**Exercise details**
Return only the lines from the top of the data down to the one that holds "The Lynn Snip", both included, without any pictures.

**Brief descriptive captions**
━━━━━━
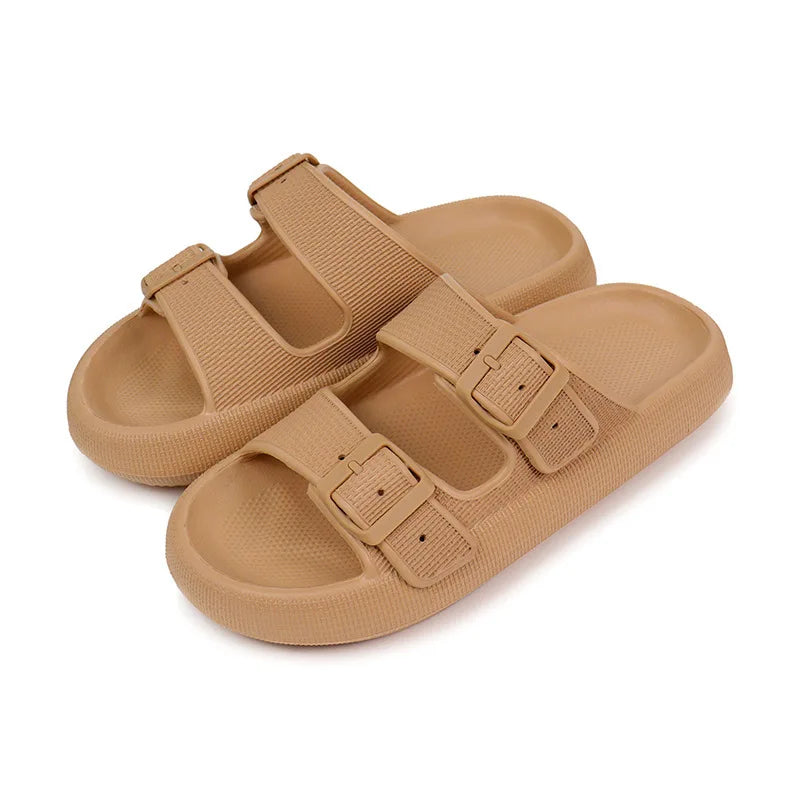 Cushion Sandals Women Men Cloud Soft Sole Slides Platform Slippers Leopard Print Outdoor Non-slip Home Ciabatte Uomo Flip Flop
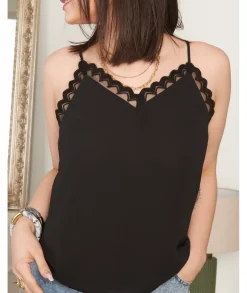 Tops / Blouses>La boutique de Lilie TOP LOLITA Noir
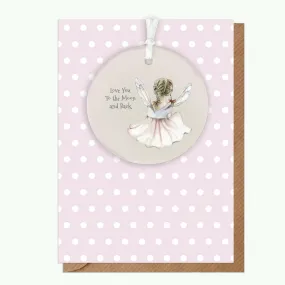 A6 Greeting Card with Ceramic Keepsake - Fairy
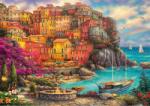 KS Games - Puzzle Pinson: O zi frumoasă la Cinque Terre - 4 000 piese Puzzle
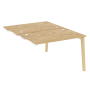 Стол-приставка двойной на деревянных опорах Onix Wood OW.D.SPR-2.8 1180x1635x750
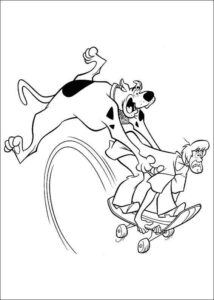 Desenho de Scooby Doo Desenho Colorir Imprimir 41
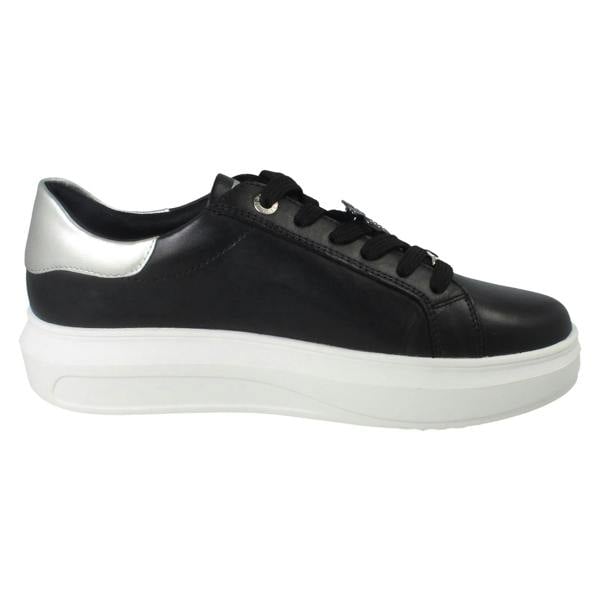 Rieker Ladies Rieker Revolution Stone Chip Panel Platform Trainers W1202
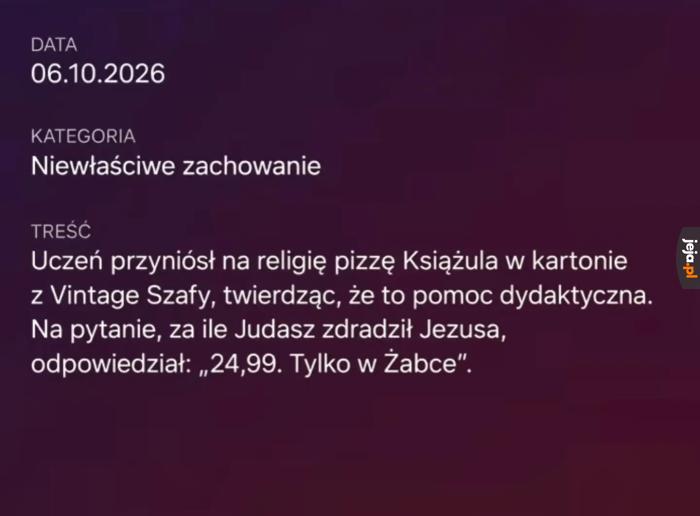 A to niegrzeczny berbeć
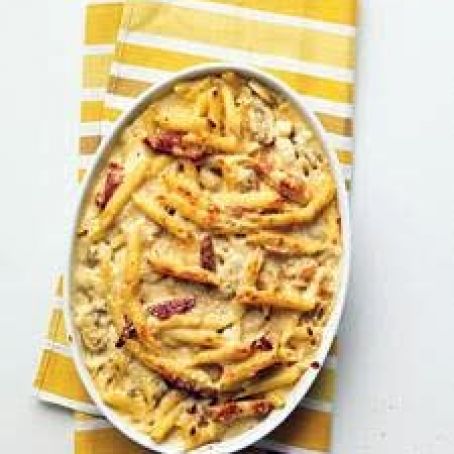 Baked Penne with Chicken and Sun-Dried Tomatoes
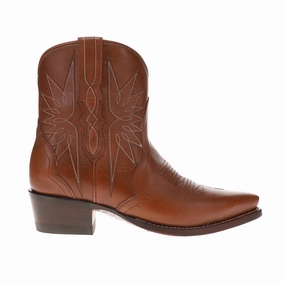 The Lynn Snip Toe Cowboy Booties Stain Resistant Finish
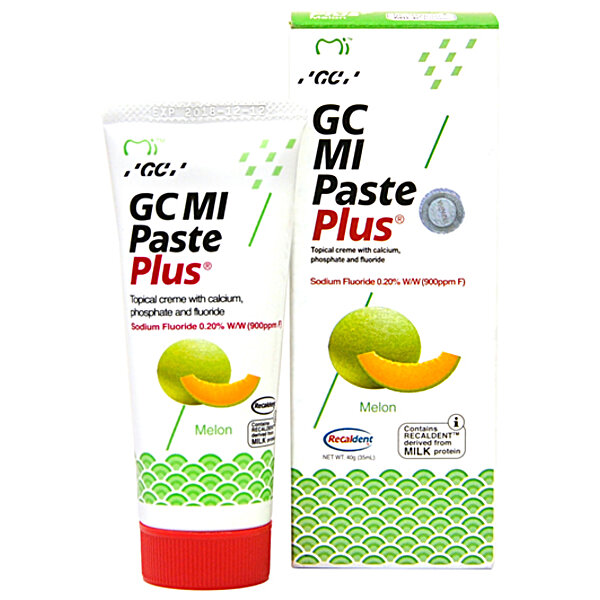 GC MI PASTE PLUS Melon гель-крем для ремінералізації та зміцнення зубів 1 тюбик 35 мл (Японія)
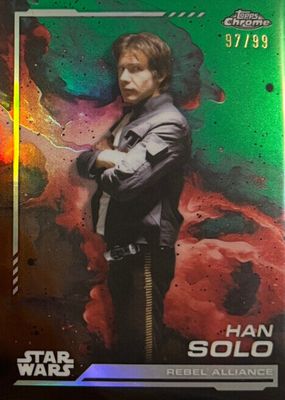 2024 Topps Chrome Star Wars #102 Kashyyyk Green Refractor /99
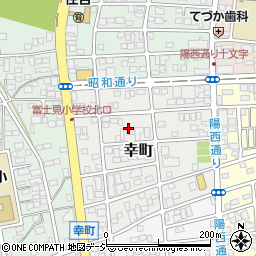 栃木県宇都宮市幸町5周辺の地図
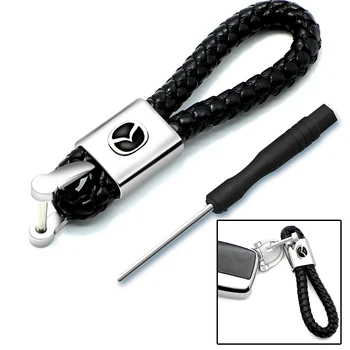 

1PCS New Car Key Chain Car Styling Keychain Key Ring for Mazdas 5 6 323 626 RX8 7 MX3 MX5 Atenza Axela Car Accessories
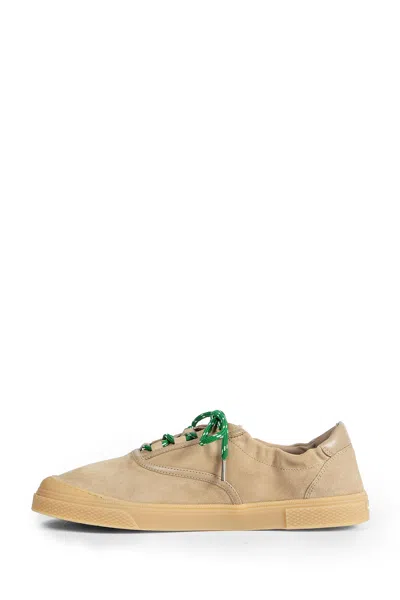 Moncler Biscuit Suede Vera Leisure Sneakers In Brown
━━━━━━
**Response for this exercise**
 Cushion Sandals Women Men Cloud Soft Sole Slides Platform Slippers Leopard Print Outdoor Non-slip Home Ciabatte Uomo Flip Flop
 Tops / Blouses>La boutique de Lilie TOP LOLITA Noir
 A6 Greeting Card with Ceramic Keepsake - Fairy
 KS Games - Puzzle Pinson: O zi frumoasă la Cinque Terre - 4 000 piese Puzzle
 Стол-приставка двойной на деревянных опорах Onix Wood OW.D.SPR-2.8 1180x1635x750
 Desenho de Scooby Doo Desenho Colorir Imprimir 41
 Rieker Ladies Rieker Revolution Stone Chip Panel Platform Trainers W1202
 A to niegrzeczny berbeć
 Baked Penne with Chicken and Sun-Dried Tomatoes
 The Lynn Snip Toe Cowboy Booties Stain Resistant Finish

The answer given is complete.